Hi, supposed I have a set of data points, and each data point has a certain value of uncertainty associated with it.

Supposed also I have a function which models the data. What I'd like to know is how does one quantitatively measure how good the fit of the model is to the data, in such as way that one can compare the model to different sets of data?

For example, taking the SSE defined as:

$\sum(y_i - f(x_i , \beta))^2$

where $\beta$ is a set of parameters, one can measure the difference between the model and the data. However, this does not take into account the number of data points or the degree of uncertainty. If I have a very large number of data points, a small difference between the data and model will result in a very large SSE, even if the model is a very good fit. On the contrary, even if the model is poor, a small set of data points may produce a small SSE - thus there is no way to compare between data sets for the same model.

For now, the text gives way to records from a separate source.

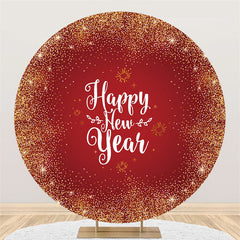 Lofaris Simple Dots Round Happy New Year Holiday Backdrop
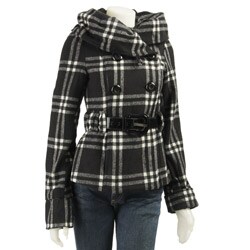 Coffee Shop Women's Belted Plaid Overcoat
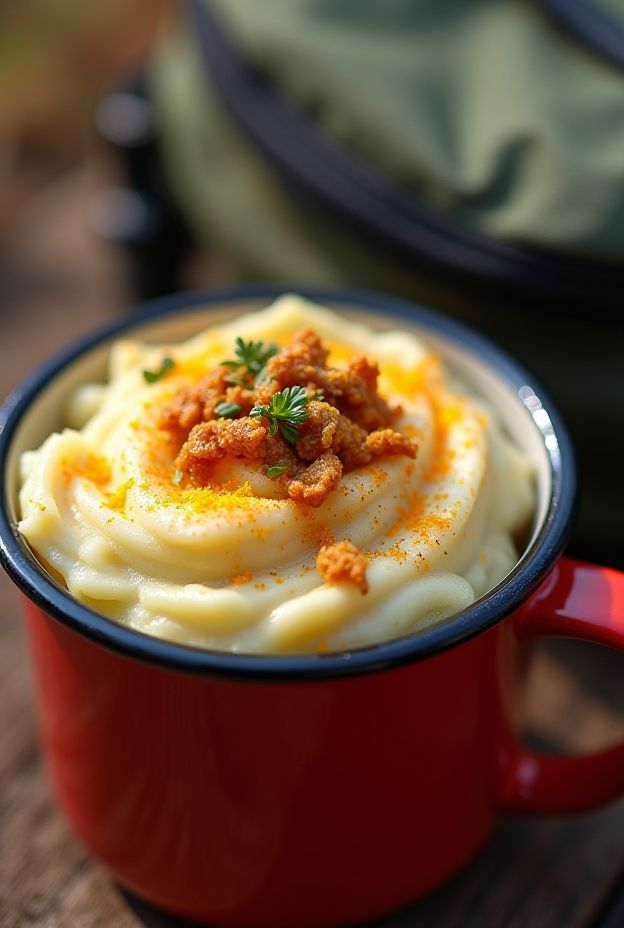 Easy instant mashed potato bowl with dehydrated veggies and cheese, perfect for camping meals.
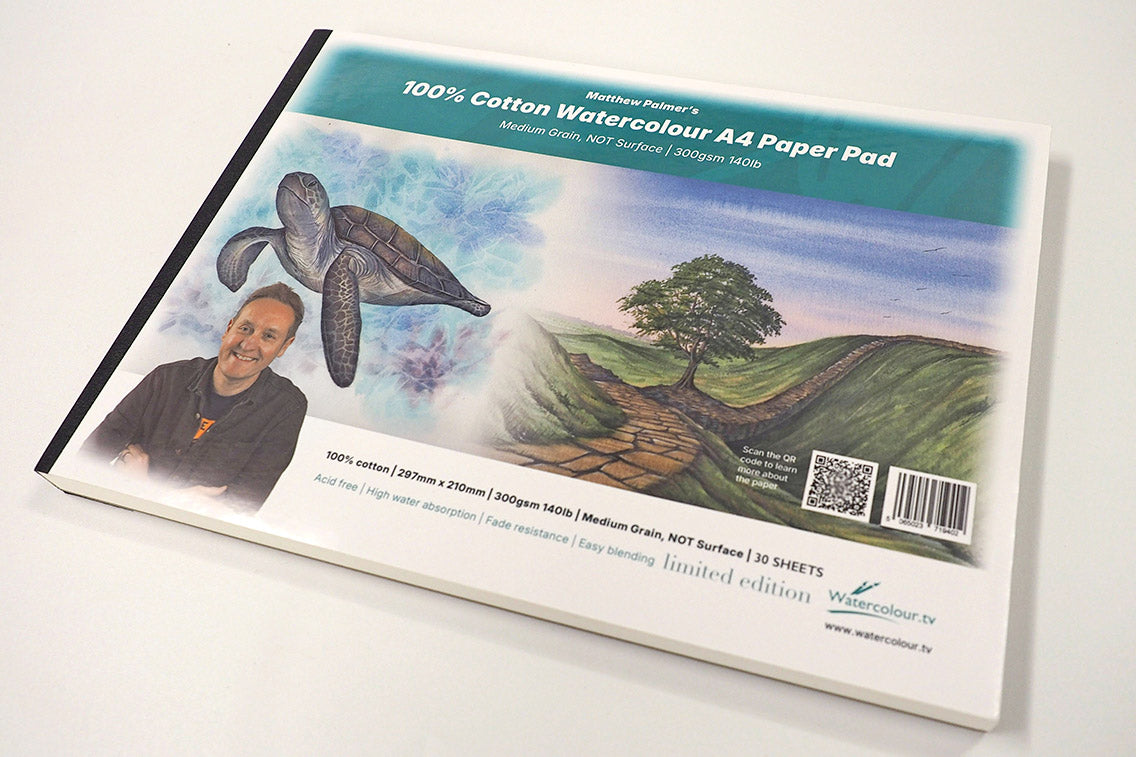 Limited Edition - 30 Sheet Pad Of Matthew Palmer 100% COTTON A4 Size - Premium Watercolour Paper Pad 300gsm Medium Grain + FREE Video Lesson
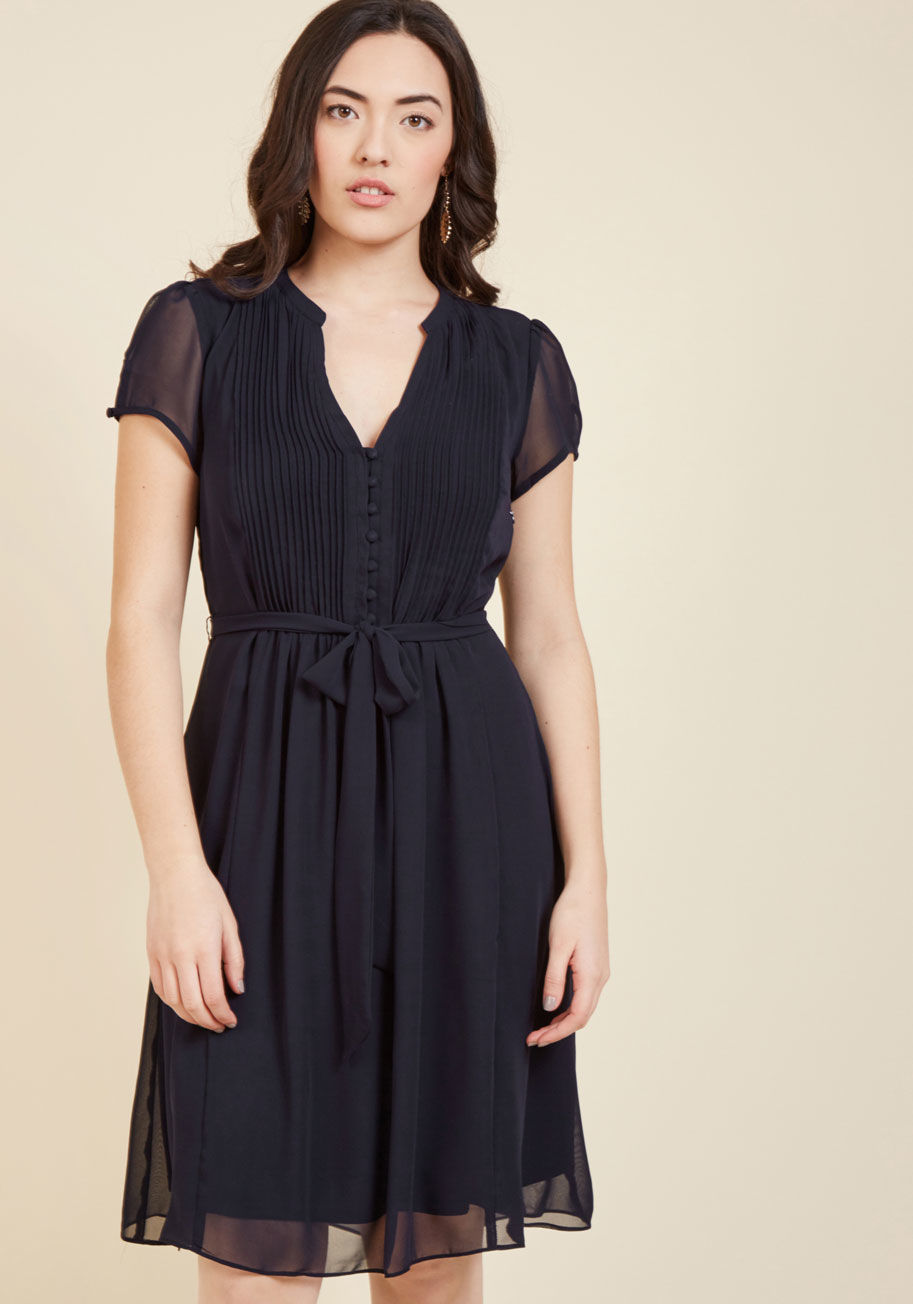  - For the grand opening of your brand new business, you're surrounded by friends, family, and the lovable style of this woven dress! White and yellow flowers rest atop this ModCloth-exclusive frock, while its pintucked bodice, delicate buttons, and breezy b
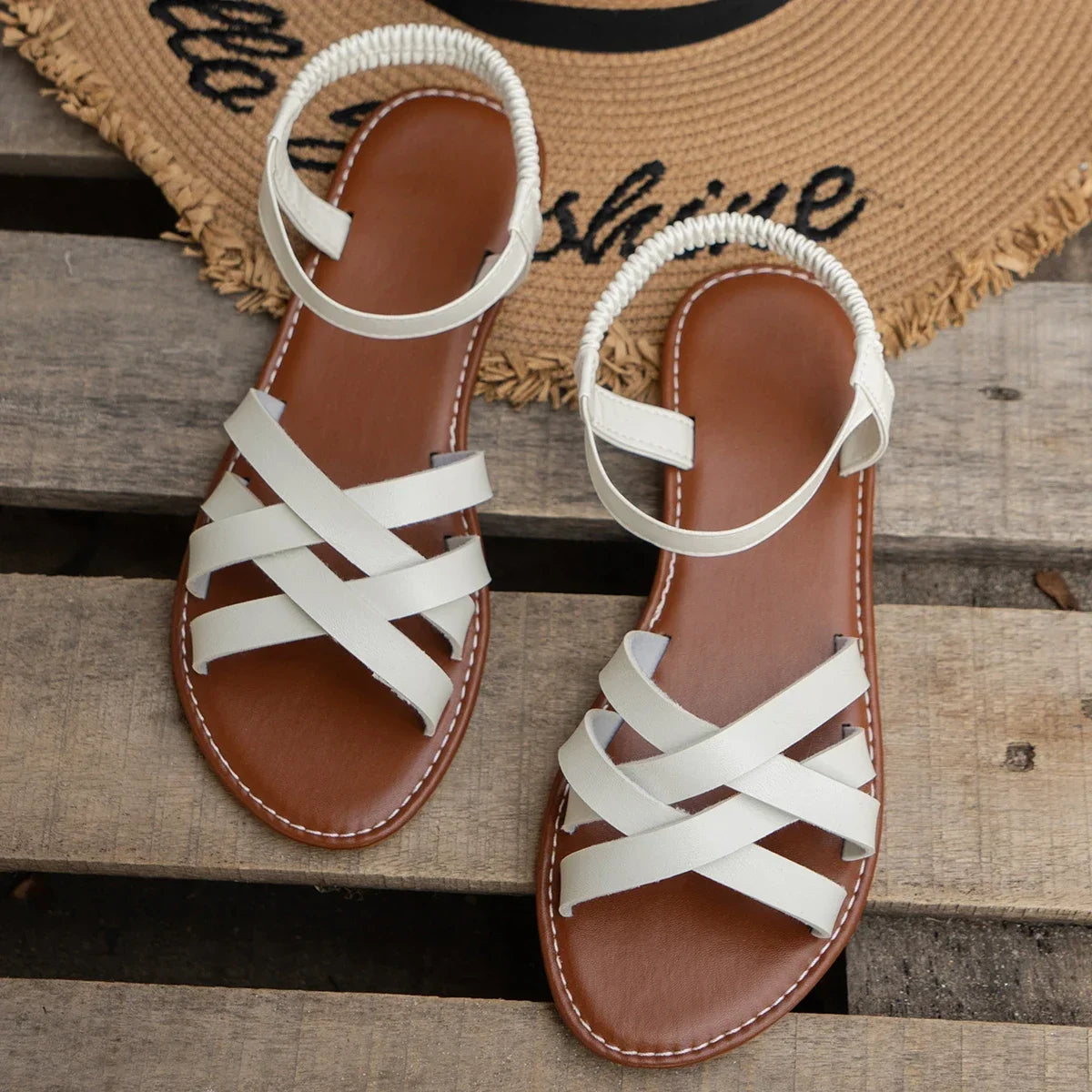 Sandales Plates Femme BreezeFlex™ – Élégantes, Légères et Ultra-Confortables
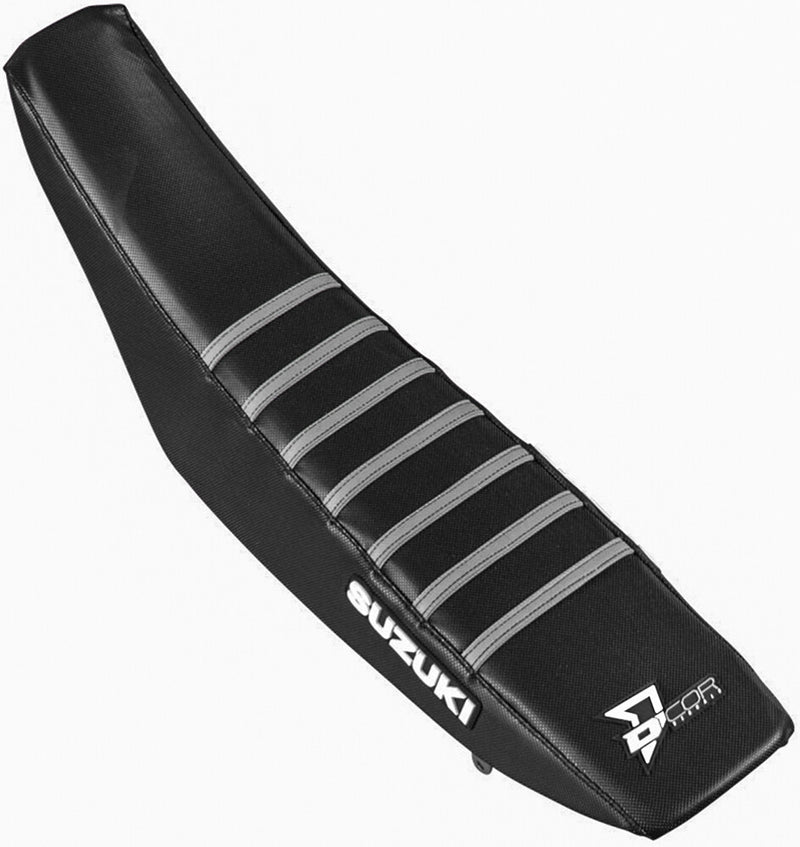 D'cor Visuals D-Cor Seat Cover Black Grey Ribs - 30-40-465 Suzuki RMZ 450 / RMZ 250 2018-2025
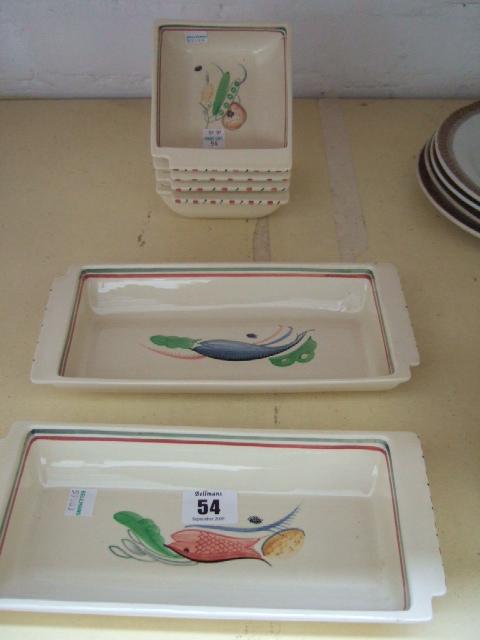 Appraisal: A Susie Cooper part dessert service decorated with vegetables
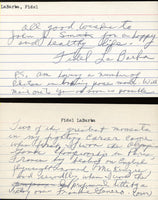 LA BARBA, FIDEL SIGNED NOTE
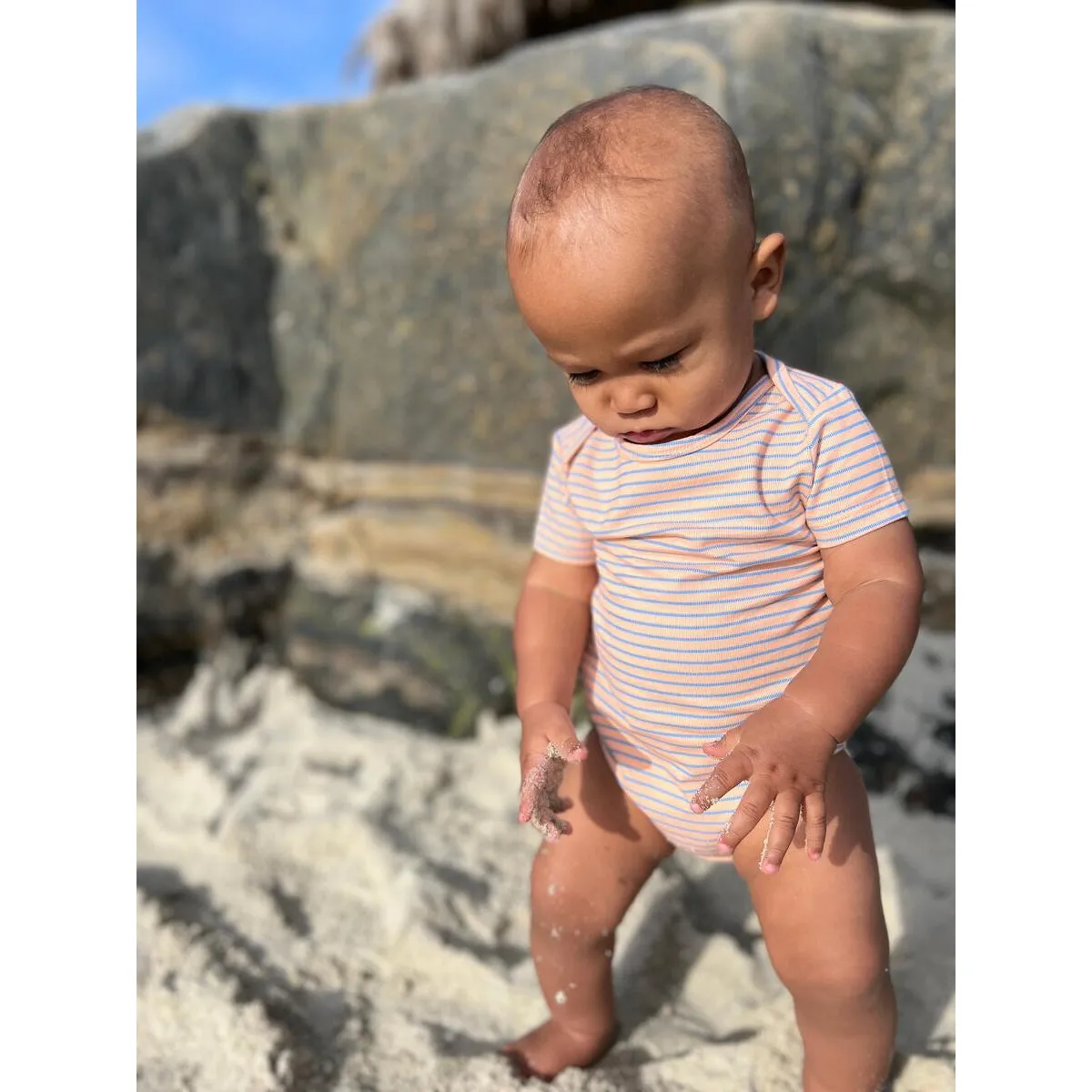 Me   Henry Walty Stripe Cotton Short Sleeve Onesie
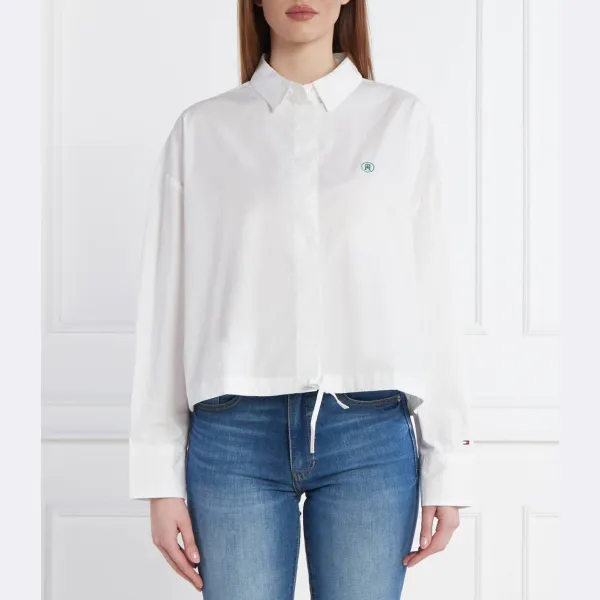 

Укороченная рубашка Smd с блузоном на кулиске Tommy Hilfiger, белый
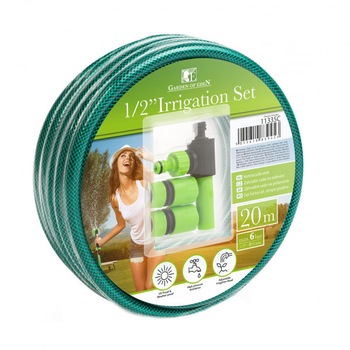 Set de stropit gradina Garden of Eden 11335C, furtun 20 m, racord, teava pulverizare, verde Set de stropit gradina Garden of Eden 11335C, furtun 20 m, racord, teava pulverizare, verde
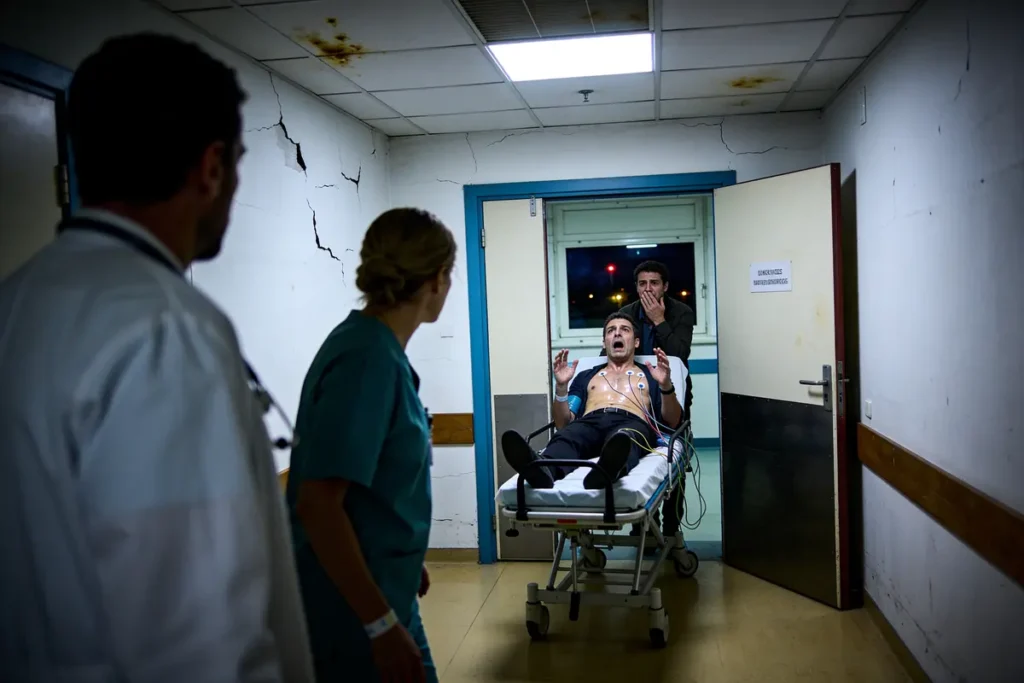 Un homme en détresse sur un brancard, entouré de médecins inquiets dans un couloir délabré.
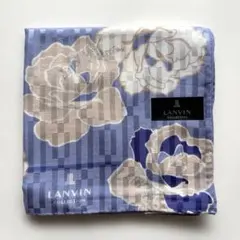 LANVIN COLLECTION 大判ハンカチ 花柄 ブルー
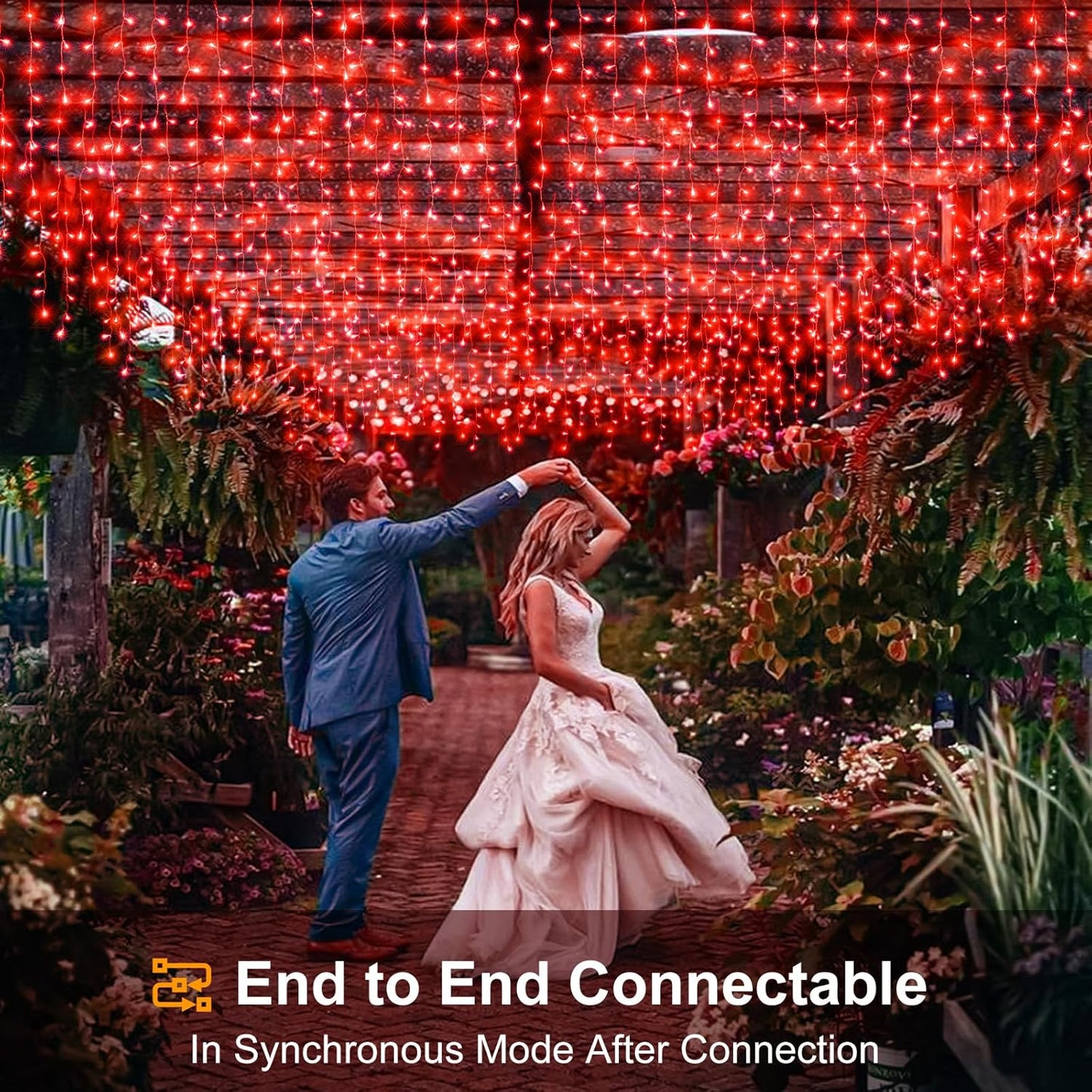 66ft Icicle Lights for Outside, Red Christmas Lights Outdoor Waterproof for House, 640 LED Twinkle Tree Lights with 120 Drops Clear Wire Short Curtain Light for Room Home Wall Indoor Decorations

Also, one must consider the magnitude of the data points when comparing sets. For example, if my $y_i$ values range from 100...500 for one set, a small fractional change between the model and the data may still produce a huge SSE, while a huge fractional change between the model and data ranging from 0.01...0.5 will result in a small SSE.

So, what I'd like is a way to compare the goodness of a fit for a wide variety of data sets that takes into account the error in the data, the number of data points, and the magnitude of the dependent variables in the data - can someone explain how to do this and what such a quantity is called?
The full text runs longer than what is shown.